Come ti riconverto l’immobile comunale

Dalla beauty farm al Monastero al ristorante a Sant’Antuono

L'eco della provocazione dell'assessore D'Ambrosio rimbomba ancora, non soltanto negli ambienti politici. L'idea di dare in gestione a privati il Monastero e, magari, di riconvertirlo a beauty farm, avrebbe creato notevole disappunto anche negli eminenti ambienti ecclesiastici.

Un precedente fra le parti già c'è, al tempo in cui D'Ambrosio organizzò, con la sua associazione, un casinò di beneficenza allo Sporting che tanto fece arrabbiare la Curia. Ma non è questo il punto. L'assessore D'Ambrosio, con una gran dose di coraggio e di "sana follia", si è assunto la paternità di un'idea-provocazione (chiamatela voi come vi pare) sul destino del nostro Monastero.

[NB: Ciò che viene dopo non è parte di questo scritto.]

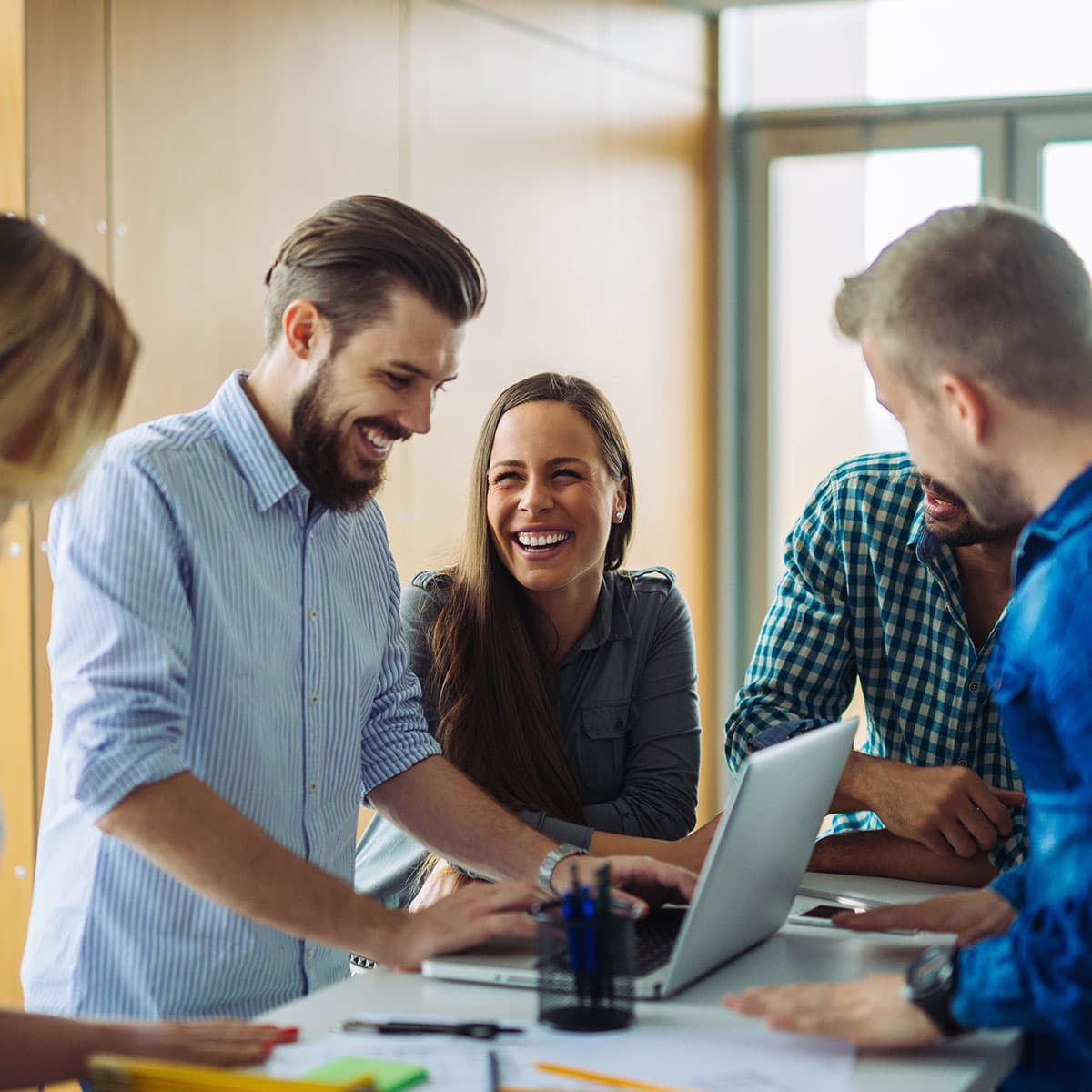 Members of this Peer Group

Dobbiamo dire che, una così chiara, coraggiosa e lampante paternità, non si riesce ad individuare per quanto concerne la decisione di riconvertire in ristorante l'area del Fortino dove è presente la Chiesa di Sant'Antuono. Abbiamo girato e rigirato tutti gli uffici comunali per cercare un atto di indirizzo, un documento giuntale (o comunque di natura politica), che legittimasse, a firma di qualcuno, la decisione di trasformare un immobile comunale di notevole pregio artistico e storico in uno dei ristoranti più glam della zona.

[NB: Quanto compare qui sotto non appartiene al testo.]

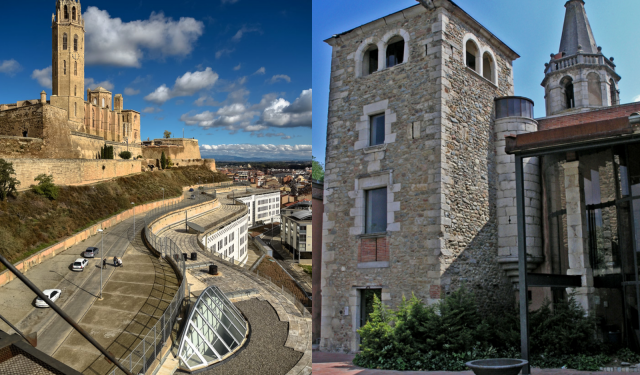 Lleida i Salt, protagonistes d’una nova edició d’El Panoràmic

Ebbene, nel corso della ricerca - per altro difficoltosa - abbiamo scovato una delibera di giunta (mai revocata) in cui si dice che quei locali, dati in gestione tre anni fa, dovevano essere utilizzati per celebrare i matrimoni. Da celebrare i matrimoni ad, eventualmente, festeggiarli, ce ne passa. Sempre cercando tra le carte, abbiamo trovato una successiva delibera di giunta in cui si dà mandato al dirigente di ripartizione del tempo (anno 2005) di studiare la soluzione più vantaggiosa per il Comune.

E nacque così l'idea ristorante, sulla quale l'amministrazione - intesa come organo politico - non si è mai espressa, dimenticandosi anche di correggere il tiro su quanto deliberato in passato. La curiosità ci ha spinto anche a rivedere il bando di aggiudicazione, all'epoca criticato da alcuni consiglieri comunali.

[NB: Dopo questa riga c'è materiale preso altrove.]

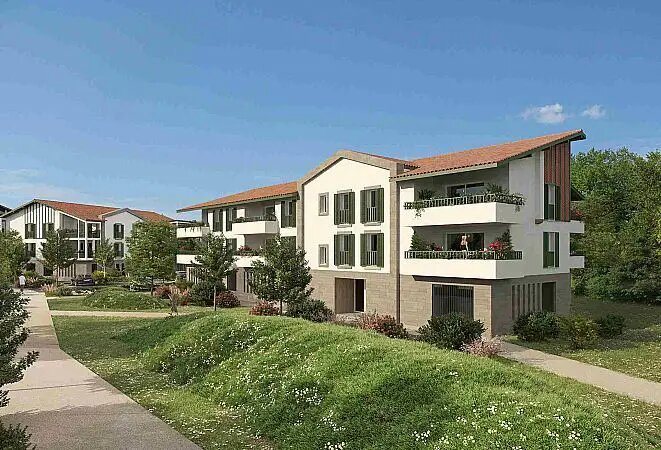 Appartement à vendre, 43m², Soustons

Ed anche qui, qualche considerazione andrebbe fatta, in particolare su quanto previsto dal capitolato d'oneri che prevedeva in sei mesi il termine di ultimazione dei lavori ed in sette il termine massimo per avviare l'attività. Dalla data di consegna della struttura, di anni, però, ne son passati diversi, senza che nessuno abbia mai detto "ma". Il ritardo nell'apertura - a dire il vero - non può sorprenderci, considerando la gran mole di lavori che andavano fatti all'interno e all'esterno del luogo (fogna, corrente, restauri e quant'altro). L'oggettiva impossibilità di aprire nei sette mesi previsti dal capitolato, rappresenta probabilmente, il motivo che ha scoraggiato tutti gli imprenditori a partecipare alla gara per la concessione, ad eccezione di un'unica società che, molto coraggiosamente ha intrapreso l'impresa che ha visto la luce nelle scorse settimane.